‘If you can’t say anything nice then don’t say anything at all’
Grrr. How this aphoristic bleat sets my teeth on edge. As if criticism has to be balanced to be valid.
No it doesn’t.
But, having returned last night from watching The Funfair at Manchester’s new arts super-venue, Home, I am overwhelmed by such extreme feelings of distress about pretty much every aspect of the production, that demanding some kind of positive, constructive response from myself seems essential for my own mental well being.
Ok… so the new theatre space is good. Sitting in the upper circle, it feels satisfyingly intimate. Acoustics are excellent. Sight lines aren’t bad. It’s nice to see a new theatre with a good high proscenium – and a balanced thrust that draws the proscenium playing space into the auditorium. All of these will be used to imaginative effect by designers in future productions. Great work WILL be done in this exciting new theatre.
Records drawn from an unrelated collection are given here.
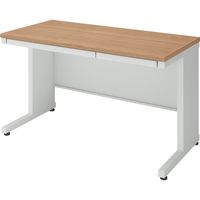 【組立設置込】コクヨ インベントデスク INVENT 平机 幅1200×奥行600×高さ700mm ホワイト/ラスティックミディアム 1台（直送品）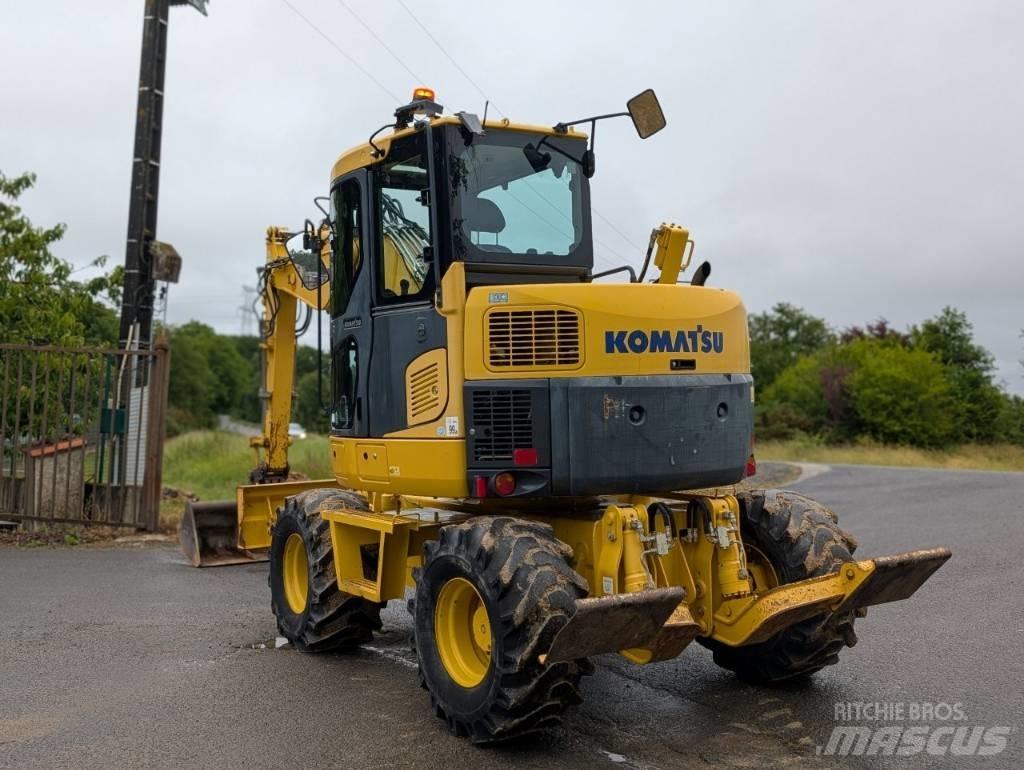 Komatsu PW 98 MR-8 Bageri na kotačima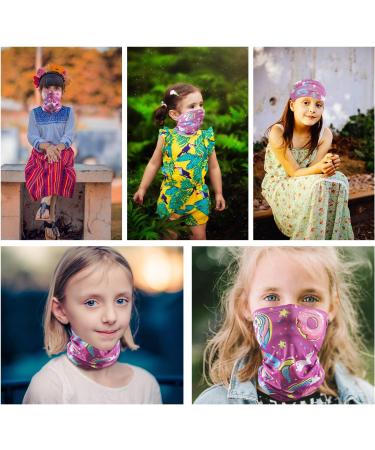 Kateluo Multifunctional Children s Cloth - Breathable Headscarf Elastic Bandana for Boys & Girls Ideal for Cycling Hiking & Running - Unicorn Design - Buy Online on GoSupps.com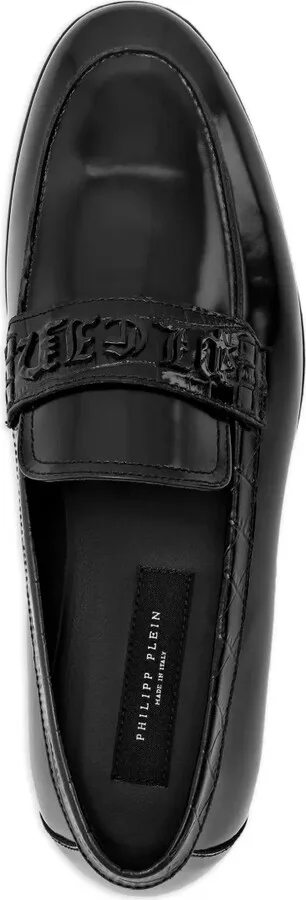 Logo-Plaque Leather Loafers - Image 3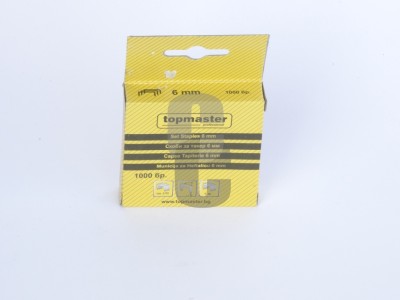 Телчета за такер -  6мм. - ДЕБЕЛИ - 1000бр.                                                                                                                                                                                                                                                                 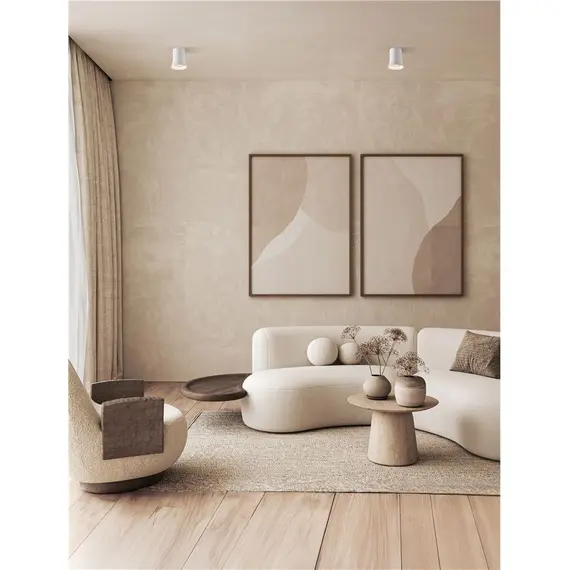 Гипсова луна PELIA 9919110 NovaLuce 1xGU10 | Osvetlenieto.bg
The music is well executed. The sound is clear and well balanced… But what it has to with anything in the production, I really couldn’t say. Plus they’re dressed as clowns which seems to be confusing the fair with the circus, but, hey, what do I know?
The design – set and costumes – is occasionally clever but alienatingly unattractive (whoops, starting to slip…) BUT on a positive note… both elements are well executed. There is a good standard of finish, and it sets the bar high for the presentation of future shows. A lot of people worked their socks off to make this look good.
And the cast….
Oh bollox. Now I’m really struggling. I absolutely don’t want to criticise a gang of actors, who, after all, are only doing what they’re told, but my merry ship of positivity has just run aground, holed below the waterline….
The thing is, who knows what this cast are capable of? I’ve no reason to think they are anything other than highly competent actors in their own right – but the play is so bloody dreary they are scuppered before they even set sail. And it’s the choice of material which is at the core of everything that dismays me about this show.
The Funfair is a new adaptation of a play called Kasimir and Karoline by Ödön Von Horváth, dating from 1929, which the programme and Home’s publicity repeatedly tells us is a twentieth century masterpiece.
No it isn’t.
The programme also tells us that Ödön Von Horváth is a truly great writer, on a par with – if not better than – Bertolt Brecht, and the only reason we haven’t heard of him is because he died when he was 37.
No he isn’t, and no, it isn’t. Although admittedly the age thing might explain why no one has ever heard of Mozart, Jimi Hendrix, Christopher Marlowe, Joe Orton…. Director Walter Meierjohann insists in the programme that Horváth is funnier than Brecht, which, judging by the awful tumbleweed moments that greeted every gag last night, is a bit like saying that Myra Hindley was kinder to children than King Herod.
Actually, hands up, I am being unfair. The adaptation is by Simon Stephens and as I don’t speak German, and have never encountered the original, I suppose it is just possible that the brilliant humour and general ‘masterpiece-ness’ has somehow got lost in translation. And when I say lost, I’m talking major solar-storm-knocking-out-the-whole-GPS-system-the-day-after-every-ordnance-survey-map-has-been-burned-by-a-mad-map-burning-despot. That kind of lost.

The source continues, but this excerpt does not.